Nietzsche pensait que l’Allemagne était en voie de manquer à sa destinée, en manquant à l’idéalisme allemand. Il protestait aussi contre l’hégémonie de la Prusse et contre l’abus de la discipline prussienne. Il reprochait aussi à la grande bourgeoisie de n’avoir pas constitué d’élite véritable, de manquer de tout dévouement à l’Etat et d’user de son influence politique en vue du seul profit matériel et d’un bonheur médiocre, ce qui Nietzsche appelait l’avènement du nihilisme : « Ce que je raconte, c’est l’histoire des deux prochains siècles. Je décris ce qui viendra, ce qui ne peut manquer d’advenir : l’avènement du nihilisme.[12] »
L’Allemagne wilhelminienne s’est singularisée, à partir de la seconde moitié du XIXe siècle, par une prolifération d’initiatives non-conformistes de réformes telles que les communautés à la campagne, les Wandervögel (« Les oiseaux migrateurs »), une sorte de scoutisme, les foyers de pédagogie active, le naturisme, le végétarisme… Ces mouvements sont, dès les origines, divisés en deux tendances opposées : une tendance libertaire qui donnera naissance à l’expérience de Monte Verità[13], près d’Ascona en Suisse, et qui influencera des personnes comme Erich Mühsam (1878-1934)[14] et comme le futur prix Nobel Herman Hesse (1877-1962)[15]. La seconde tendance est völkisch, un courant dont nous reparlerons en détail plus loin.
C’est de cette époque que datent les premières plaintes contre la pollution de l’air et de l’eau[16], provenant de ces milieux. Le végétarisme est, d’ailleurs, mis à l’honneur dans ces milieux, tout comme le naturisme revitalisant (les « bains de lumières ») et les médecines douces par ces premiers alternatifs.
L’expression « L’alternative 1900 », inventée par Louis Dupeux, concerne les expériences alternatives et libertaires qui ont vu le jour en Allemagne, Autriche et Suisse à l’aube du XXe siècle. La tentative la plus connue est née en Suisse à Monte Verità.
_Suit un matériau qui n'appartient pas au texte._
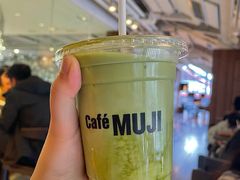 铜仁抹茶拿铁-无印良品餐堂 MUJI Diner(成都太古里店)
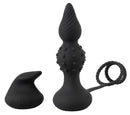 BUTT PLUG WITH COCK & BALL RING USB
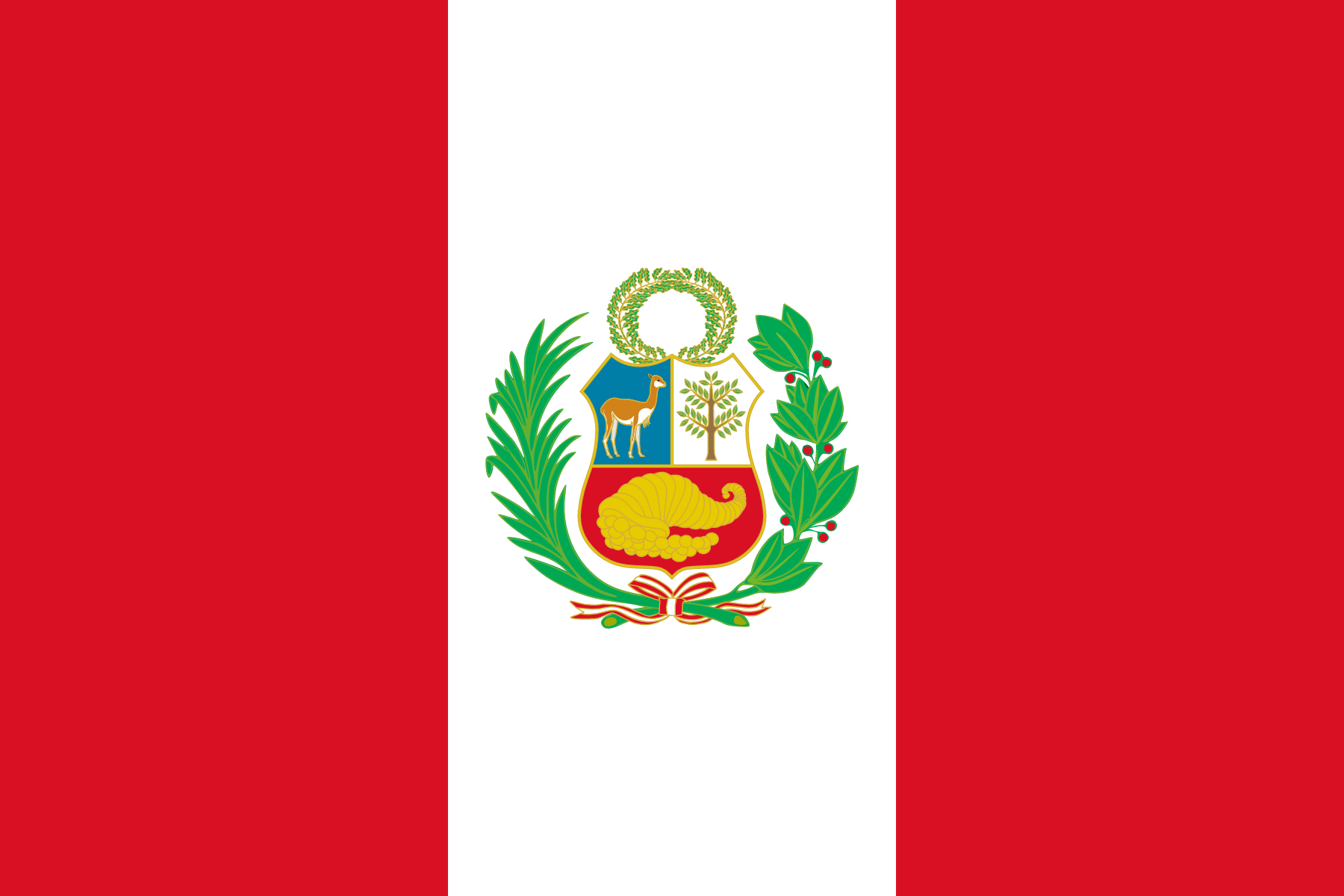 Flag of Peru decal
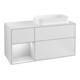 V&B Waschtischunterschrank Finion 120cm, Pl w m, Rg l wh. m Lac, wh. m Lac-1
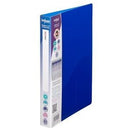 Snopake Electra (A5) Polypropylene Ring Binder 2 O-Ring 15mm (Clear) 1 x Pack of 10 Binders - ONE CLICK SUPPLIES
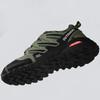 Nuevas Zapatillas de Senderismo para Hombre Zapatos Deportivos Impermeables para Exteriores Botas de Senderismo de Cuero Cómodas Talla Grande Zapato Táctico para Hombre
La bourgeoisie y était vivement critiquée malgré le fait que cette alternative fusse née sous son impulsion, les familles fortunées envoyant leurs enfants chez les Wandervögel, qui était aussi la structure la plus importante, en effectif, des mouvements de la jeunesse. Le programme de ces derniers consistait en excursions, en la découverte d’une vie saine dans la nature, la camaraderie (en réaction aux relations hypocrites de la bourgeoisie) et en soirées passées auprès d’un feu de camp.
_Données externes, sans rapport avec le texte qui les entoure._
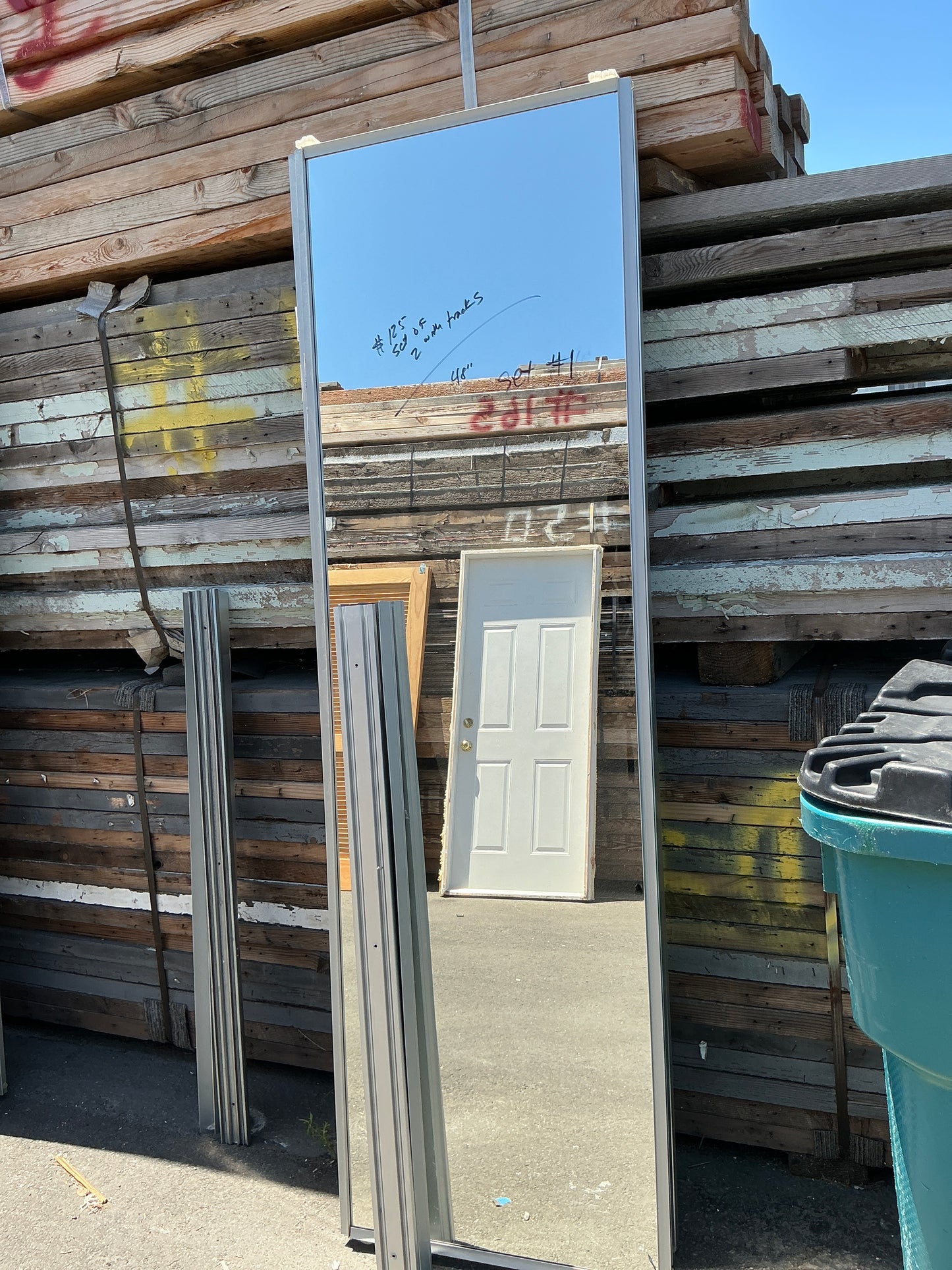 Door, mirror, sliding closet, TRP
Cependant « [le] “mouvement de la jeunesse” (Jugendbewegung), qui se veut un rejet de la sécurité bourgeoise, les mouvements de réforme qui naissent au même moment et qu’accompagnent des phénomènes sectaires, le vitalisme et une tendance de plus en plus manifeste à l’irrationalité, tels sont les phénomènes qui traversent la bourgeoisie et qui, en tant que déviation partielle, préservent l’ensemble de la structure bourgeoise. Le marginal est toléré tant qu’il ne met pas en danger cette structure. Cela vaut pour l’acceptation des juifs assimilés comme pour les marginaux de Monte Verità, les partisans du naturisme, les anthroposophes et les autres mouvements néo-religieux qui n’ont encore fait l’objet d’aucune étude systématique.[17] » Ces expériences et leurs idéaux permirent l’essor de la « Révolution Conservatrice » dans l’immédiat après-guerre.